§ Data for this exercise
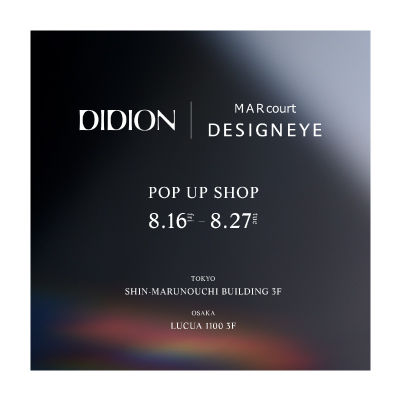 DIDION POP UP STORE at MARcourt DESIGNEYE イメージ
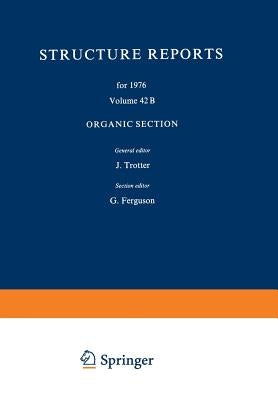 Structure Reports for 1976: Organic Section by Trotter, J.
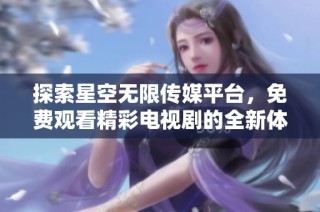 探索星空无限传媒平台，免费观看精彩电视剧的全新体验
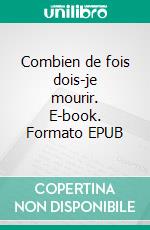 Combien de fois dois-je mourir. E-book. Formato EPUB ebook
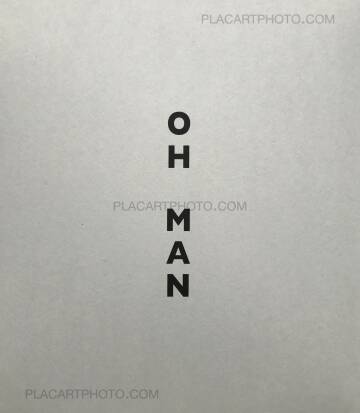 Lise Sarfati,OH MAN (Signed)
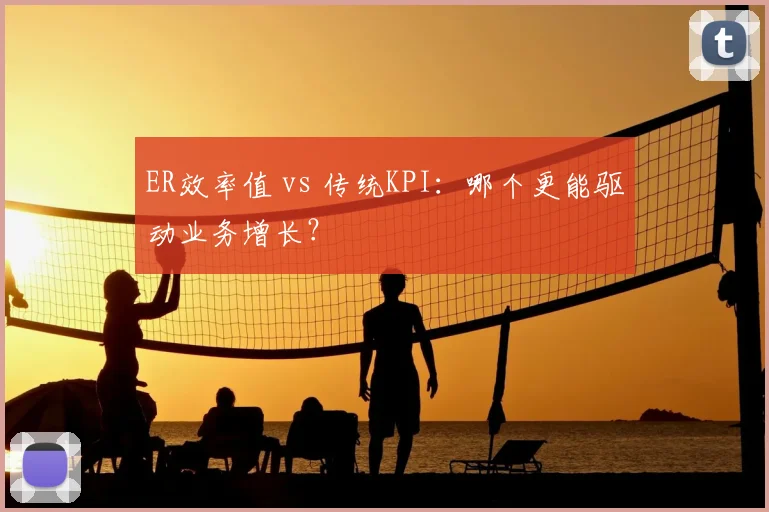 ER效率值 vs 传统KPI：哪个更能驱动业务增长？
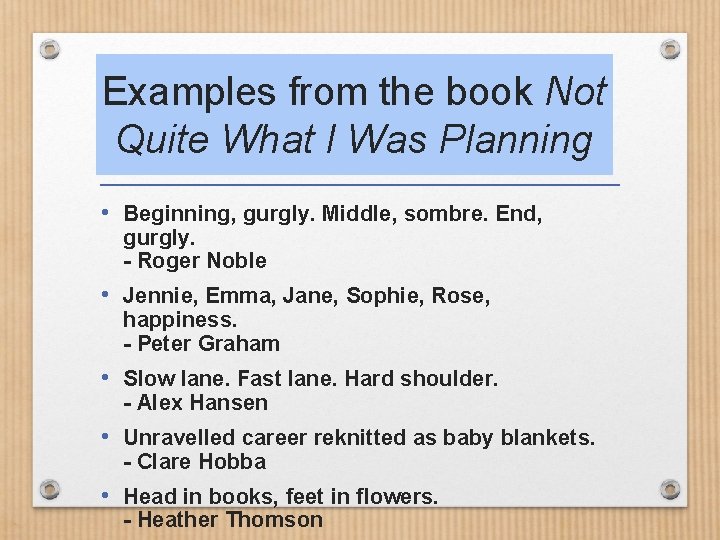 Examples from the book Not Quite What I Was Planning • Beginning, gurgly. Middle,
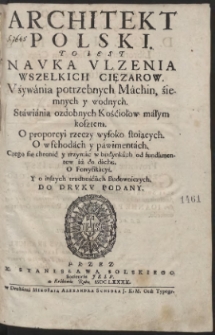 Architekt Polski : To Iest Nauka Ulzenia Wszelkich Cięzarow. Używánia potrzebnych Máchin, źiemnych y wodnych [...]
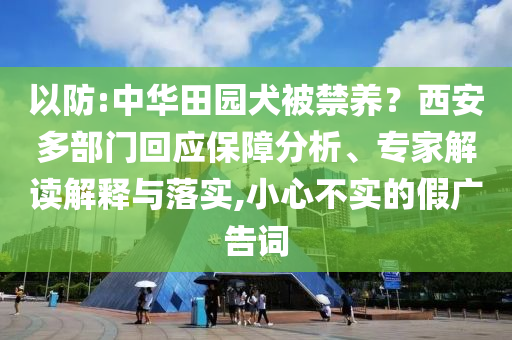 以防:中華田園犬被禁養(yǎng)？西安多部門回應保障分析、專家解讀解釋與落實,小心不實的假廣告詞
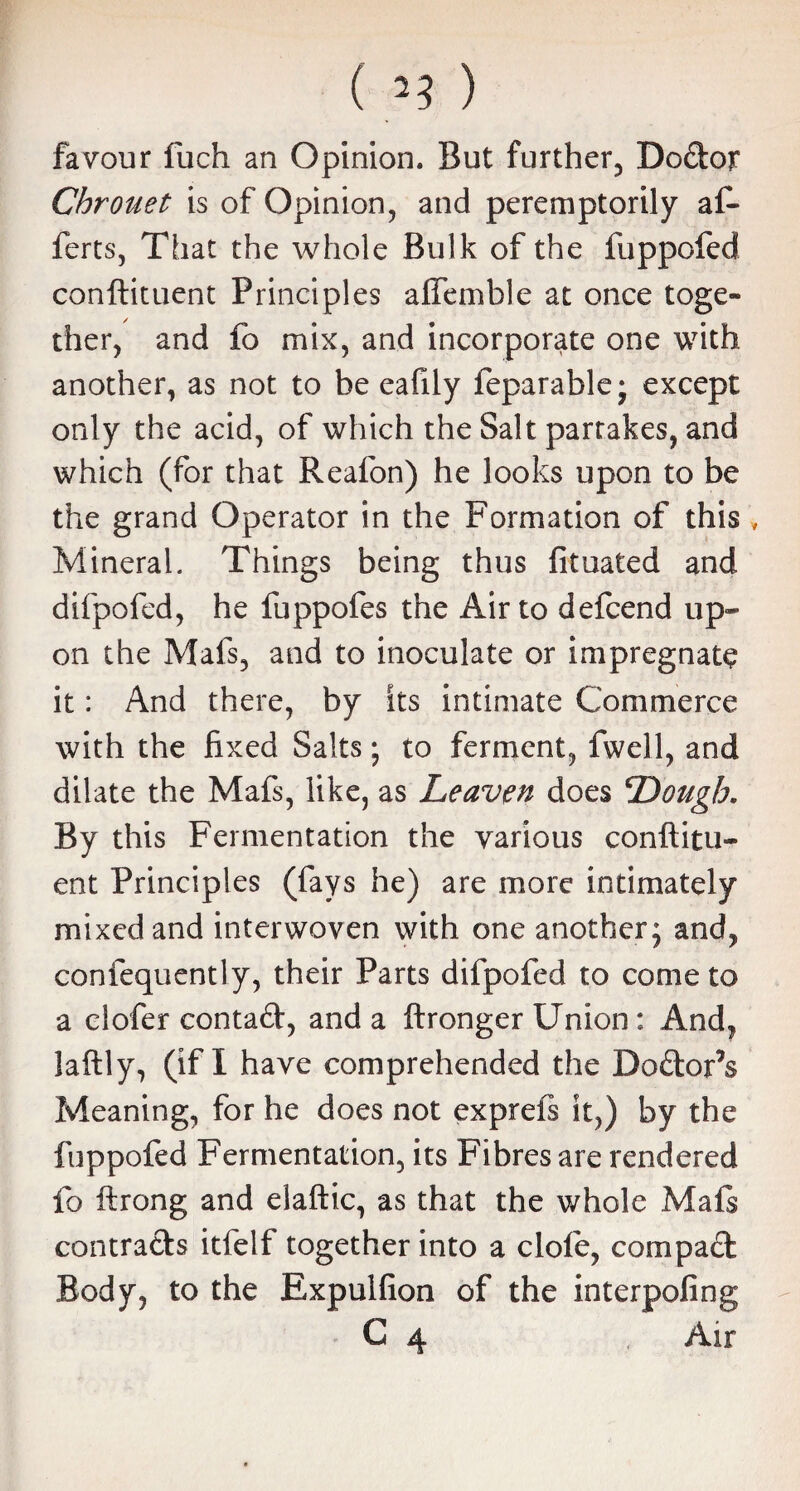 ( ) favour fuch an Opinion. But further, Dodor Chrouet is of Opinion, and peremptorily af- ferts, That the whole Bulk of the fuppofed conftituent Principles affemble at once toge¬ ther, and fo mix, and incorporate one with another, as not to be eafily leparablej except only the acid, of which the Salt parrakes, and which (for that Realon) he looks upon to be the grand Operator in the Formation of this Mineral. Things being thus fituated and difpofed, he fuppofes the Air to defcend up¬ on the Mafs, and to inoculate or impregnate it: And there, by its intimate Commerce with the fixed Salts ; to ferment, fwell, and dilate the Mafs, like, as Leaven does Dough. By this Fermentation the various conftitu¬ ent Principles (fays he) are more intimately mixed and interwoven with one another; and, confequently, their Parts difpofed to come to a clofer contad, and a ftronger Union: And, laftly, (if I have comprehended the Dodor’s Meaning, for he does not exprefs it,) by the fuppofed Fermentation, its Fibres are rendered fo ftrong and elaftic, as that the whole Mafs contracts itfelf together into a dole, com pad Body, to the Expulfion of the interpofing C 4 Air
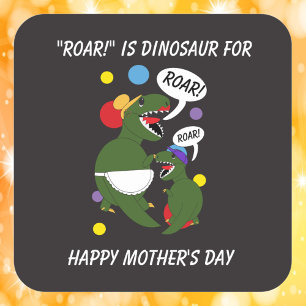 Mothers Day Dinosaur Funny From Son Square Sticker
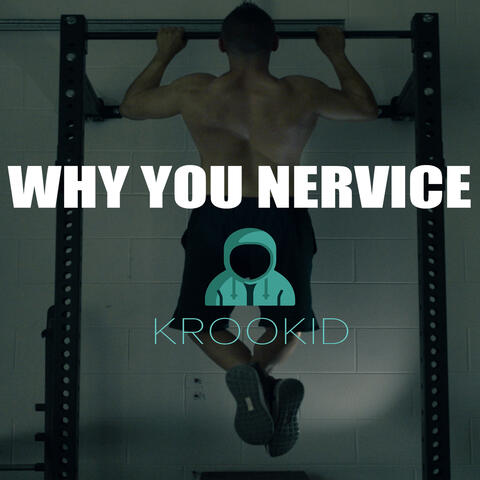Why You Nervice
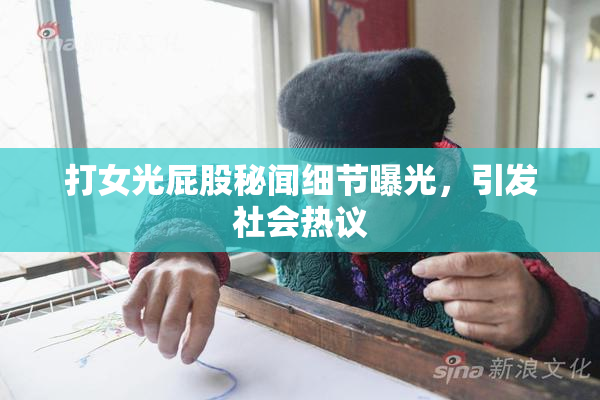打女光屁股秘闻细节曝光，引发社会热议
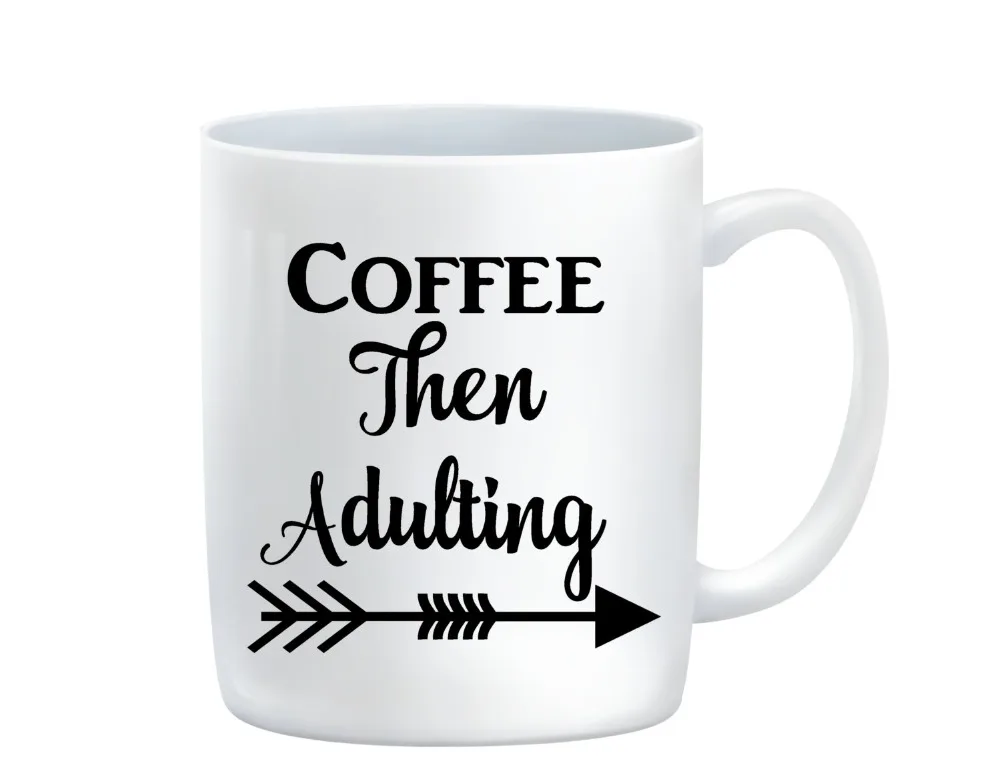 Adulting mugs coffee mug home decal tea art beer mug Dishwasher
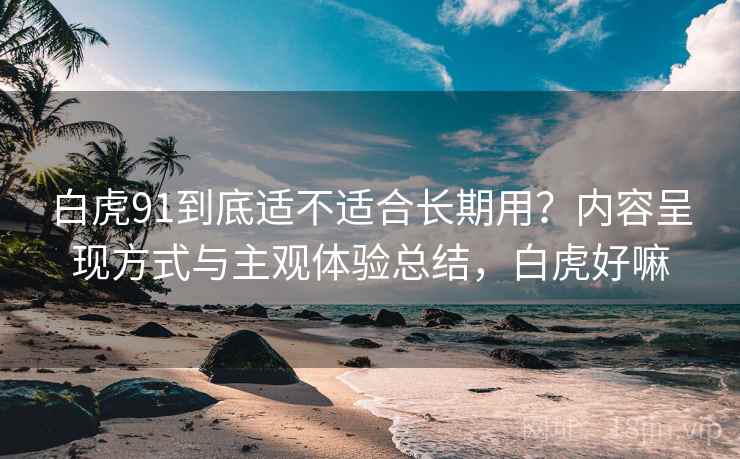 白虎91到底适不适合长期用？内容呈现方式与主观体验总结，白虎好嘛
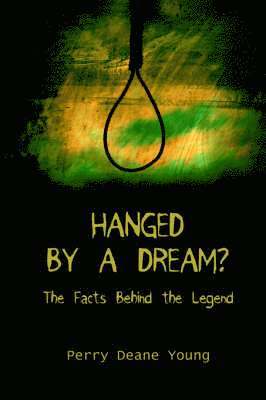 Hanged by a Dream? 1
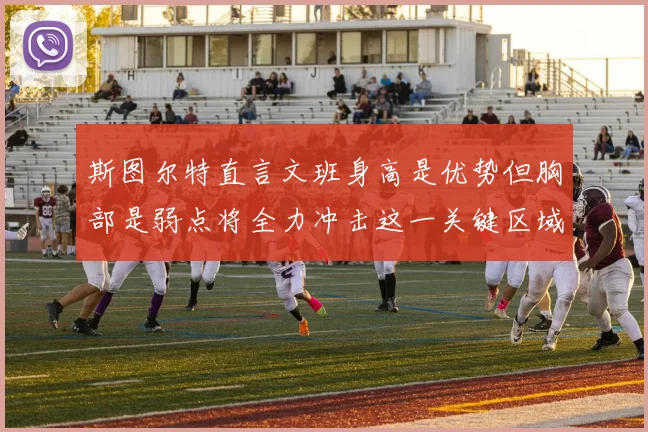 斯图尔特直言文班身高是优势但胸部是弱点将全力冲击这一关键区域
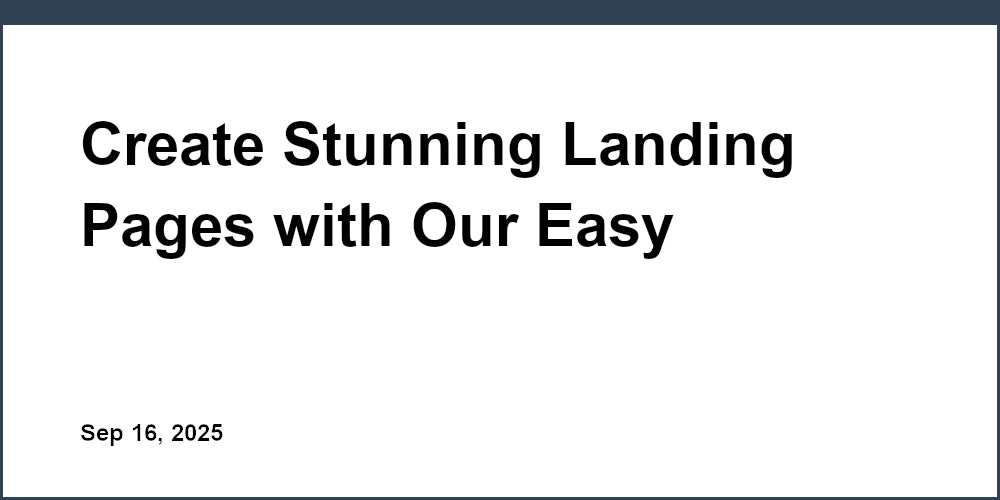 Thumbnail for: Create Stunning Landing Pages with Our Easy Drag-and-Drop Builder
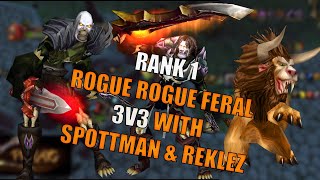 Petraxs  Classic TBC Arena PvP  ROGUE ROGUE FERAL 3V3 with SPOTTMAN amp REKLEZ [upl. by Dacie]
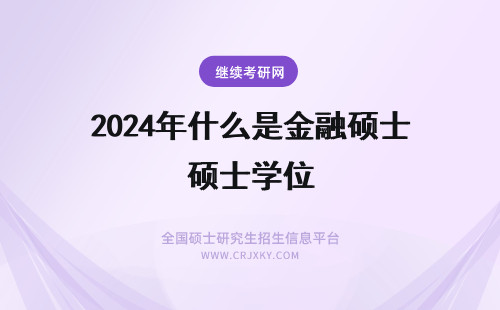2024年什么是金融硕士学位 金融学专业硕士学位（金融硕士MF）的培养目标是什么?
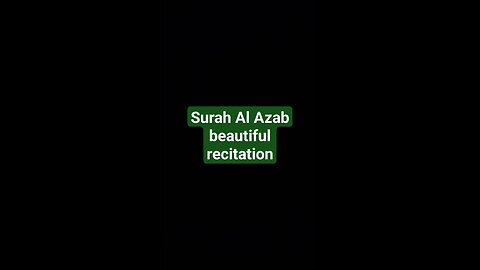 Surah-Al-Azab recitation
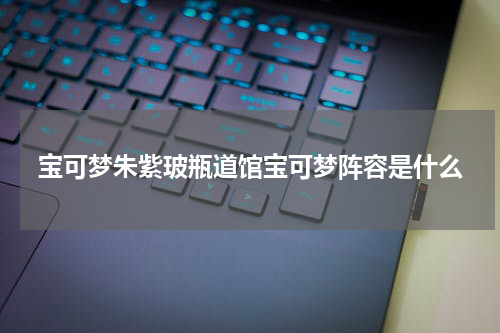 宝可梦朱紫玻瓶道馆宝可梦阵容是什么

§ Task requirements
Line by line, print the records above exactly, skipping each picture.

§ Solution to this exercise
 DIDION POP UP STORE at MARcourt DESIGNEYE イメージ
 Structure Reports for 1976: Organic Section by Trotter, J.
 探索星空无限传媒平台，免费观看精彩电视剧的全新体验
 Combien de fois dois-je mourir. E-book. Formato EPUB ebook
 Lise Sarfati,OH MAN (Signed)
 ER效率值 vs 传统KPI：哪个更能驱动业务增长？
 Examples from the book Not Quite What I Was Planning • Beginning, gurgly. Middle,
 Architekt Polski : To Iest Nauka Ulzenia Wszelkich Cięzarow. Używánia potrzebnych Máchin, źiemnych y wodnych [...]
 以防:中華田園犬被禁養(yǎng)？西安多部門回應保障分析、專家解讀解釋與落實,小心不實的假廣告詞
 ( ) favour fuch an Opinion. But further, Dodor Chrouet is of Opinion, and peremptorily af- ferts, That the whole Bulk of the fuppofed conftituent Principles affemble at once toge¬ ther, and fo mix, and incorporate one with another, as not to be eafily leparablej except only the acid, of which the Salt parrakes, and which (for that Realon) he looks upon to be the grand Operator in the Formation of this Mineral. Things being thus fituated and difpofed, he fuppofes the Air to defcend up¬ on the Mafs, and to inoculate or impregnate it: And there, by its intimate Commerce with the fixed Salts ; to ferment, fwell, and dilate the Mafs, like, as Leaven does Dough. By this Fermentation the various conftitu¬ ent Principles (fays he) are more intimately mixed and interwoven with one another; and, confequently, their Parts difpofed to come to a clofer contad, and a ftronger Union: And, laftly, (if I have comprehended the Dodor’s Meaning, for he does not exprefs it,) by the fuppofed Fermentation, its Fibres are rendered fo ftrong and elaftic, as that the whole Mafs contracts itfelf together into a dole, com pad Body, to the Expulfion of the interpofing C 4 Air
 Mothers Day Dinosaur Funny From Son Square Sticker
Why You Nervice
打女光屁股秘闻细节曝光，引发社会热议
 Adulting mugs coffee mug home decal tea art beer mug Dishwasher
 白虎91到底适不适合长期用？内容呈现方式与主观体验总结，白虎好嘛
 Hanged by a Dream? 1
 斯图尔特直言文班身高是优势但胸部是弱点将全力冲击这一关键区域
 Thumbnail for: Create Stunning Landing Pages with Our Easy Drag-and-Drop Builder
 Petraxs  Classic TBC Arena PvP  ROGUE ROGUE FERAL 3V3 with SPOTTMAN amp REKLEZ [upl. by Dacie]
2024年什么是金融硕士学位 金融学专业硕士学位（金融硕士MF）的培养目标是什么?
 Surah-Al-Azab recitation
 宝可梦朱紫玻瓶道馆宝可梦阵容是什么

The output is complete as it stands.